Ruta Norte

Digestión del horror

No me da el espacio para pormenorizar el reformateo mental de los adolescentes. Tengo, sin embargo, algunas ideas armadas a partir de lo que he conjeturado desde que comenzó a darse un acceso de amplio espectro a la información, a cualquier información. Para comentarlo necesito recordar —recordarme— qué era ser adolescente hasta antes de internet y, mejor aún, más precisamente, hasta antes de las redes sociales.


Para las generaciones anteriores al boom de las nuevas plataformas de la información ser adolescente consistía en aprender dosificadamente lo bueno, cierto, aunque también lo malo. Por la edad, los conocimientos eran administrados por instituciones inmediatas: más o menos, la familia formaba hábitos de conducta cotidiana (aseo, responsabilidad, respeto a los mayores), la escuela proveía de conocimientos en materias básicas como aritmética, redacción, biología y demás, y la iglesia se encargaba de infundir expectativas y temores trascendentes. Luego la calle, los amigos, iban aleccionando al joven en materias de sexualidad, malicia para defenderse y atacar, picardía varia.


Toda la información ingresaba al joven en módicas cuotas, poco a poco, hasta que, llegado a cierta edad, el joven era adulto y, se supone, alcanzaba una base axiológica firme para identificar con toda claridad, o más o menos con toda claridad, “lo bueno” de “lo malo”. Así me formé yo y así se formaron, con las variantes que son del caso, miles de jóvenes aquí y en China. Digamos que algo tarde, cuando ya éramos maduros, nos enterábamos de las monstruosidades de la vida.


Pasa ahora que todo se ha precipitado.
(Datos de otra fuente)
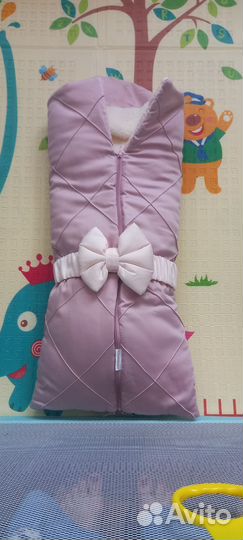 Зимний конверт в коляску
A una edad de suyo complicada, la adolescencia, se ha añadido una sobredosis de información muy difícil de digerir. Y no me refiero, claro, a la información constructiva, edificante, sino a toda la que, lo sabemos, es difícil que un joven pueda procesar sin atragantarse. Pienso en la información sexual, por ejemplo. ¿Cuándo vimos o nos enteramos nosotros, por ejemplo, de la penetración anal? ¿Sabemos que eso es ya pan de cada día en cualquier espacio pornográfico? ¿Qué piensa un joven sobre la sexualidad si cobra adicción por esas escenas?


No voy a caer en la moción reaccionaria de prohibir. Sólo diré que debemos acompañar más a los jóvenes, que hoy más que nunca estamos obligados a ayudarlos con la digestión del horror.